[LLVMdev] Bug in ARM Thumb inline asm?

63 views
Skip to first unread message

Richard Pennington

unread,
Feb 10, 2015, 4:16:34 PM2/10/15
to LLVM Developers Mailing List, cf >> "cfe-dev@cs.uiuc.edu Developers"
I'm porting the musl C library to ARM Thumb. It looks like inline asm is
failing in some cases.
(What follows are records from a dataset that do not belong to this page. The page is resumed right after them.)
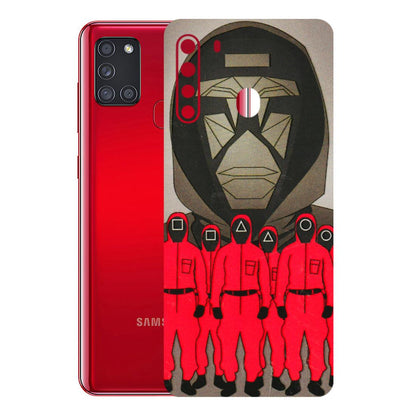 Samsung A/S Series Phone Skins (All Models) - Squid Game Hero - 3D Embossed Finish (L-245) Samsung Galaxy A21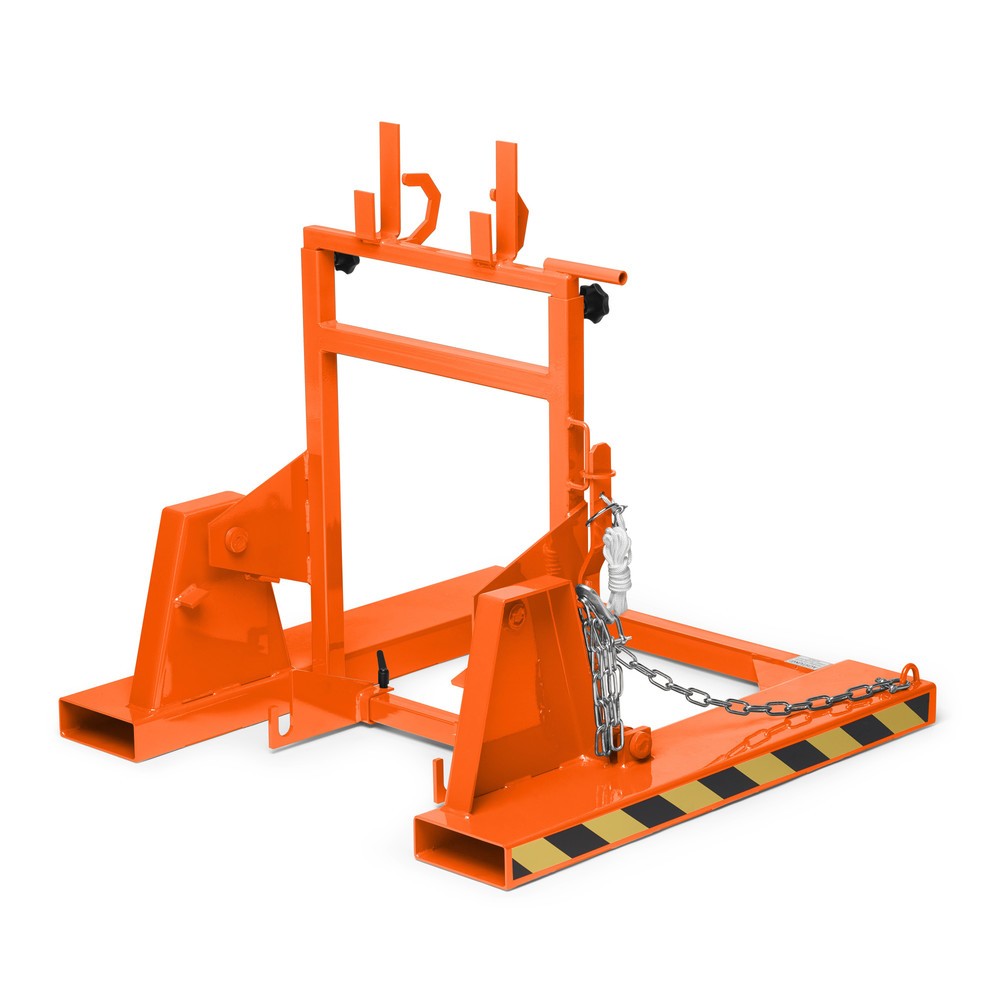 Produktabbildung Nr. 1: RR-Industrietechnik® Retourneur de poubelles type RMW, lxPxH 1 000 x 1 000 x 1 080 mm, RAL 2004 orangé pur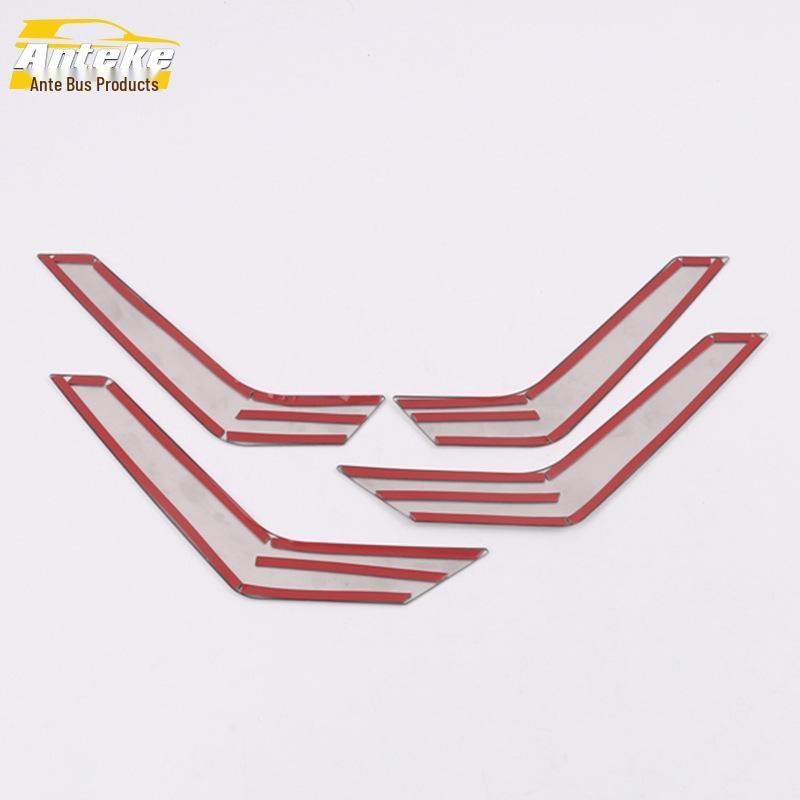 Volkswagen Taoying Moldura da Maçaneta Interna da Porta em Aço Inoxidável - Serve em 20 Modelos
Here's one:

The lseek system call looks like this:
...
off_t result;
return syscall(SYS__llseek, fd, offset>>32, offset, &result,
whence) ? -1 : result;
...

Which eventually goes through this macro:

static inline long __syscall5(long n, long a, long b, long c, long d,
long e)
{
register long r7 __asm__("r7") = n;
register long r0 __asm__("r0") = a;
register long r1 __asm__("r1") = b;
register long r2 __asm__("r2") = c;
register long r3 __asm__("r3") = d;
register long r4 __asm__("r4") = e;
__asm_syscall("r"(r7), "0"(r0), "r"(r1), "r"(r2), "r"(r3),
"r"(r4));
}

And then this macro:
#define __asm_syscall(...) do { \
__asm__ __volatile__ ( "svc 0" \
: "=r"(r0) : __VA_ARGS__ : "memory"); \
return r0; \
} while (0)

Gives:
Disassembly of section .text:

00000000 <lseek>:
0: b590 push {r4, r7, lr}
2: af01 add r7, sp, #4
4: b083 sub sp, #12
6: 278c movs r7, #140 ; 0x8c
8: 46ec mov ip, sp
a: 4619 mov r1, r3
c: 68bc ldr r4, [r7, #8] ; XXX r7 is clobbered here.
e: 4663 mov r3, ip
10: df00 svc 0
12: f7ff fffe bl 0 <__syscall_ret>
16: 9a00 ldr r2, [sp, #0]
18: 9901 ldr r1, [sp, #4]
1a: 2800 cmp r0, #0
1c: bf1c itt ne
1e: f04f 32ff movne.w r2, #4294967295 ; 0xffffffff
22: f04f 31ff movne.w r1, #4294967295 ; 0xffffffff
26: 4610 mov r0, r2
28: b003 add sp, #12
2a: bd90 pop {r4, r7, pc}

The question is, does the line

register long r7 __asm__("r7") = n;

make any guarantee about the value of r7 in the asm block?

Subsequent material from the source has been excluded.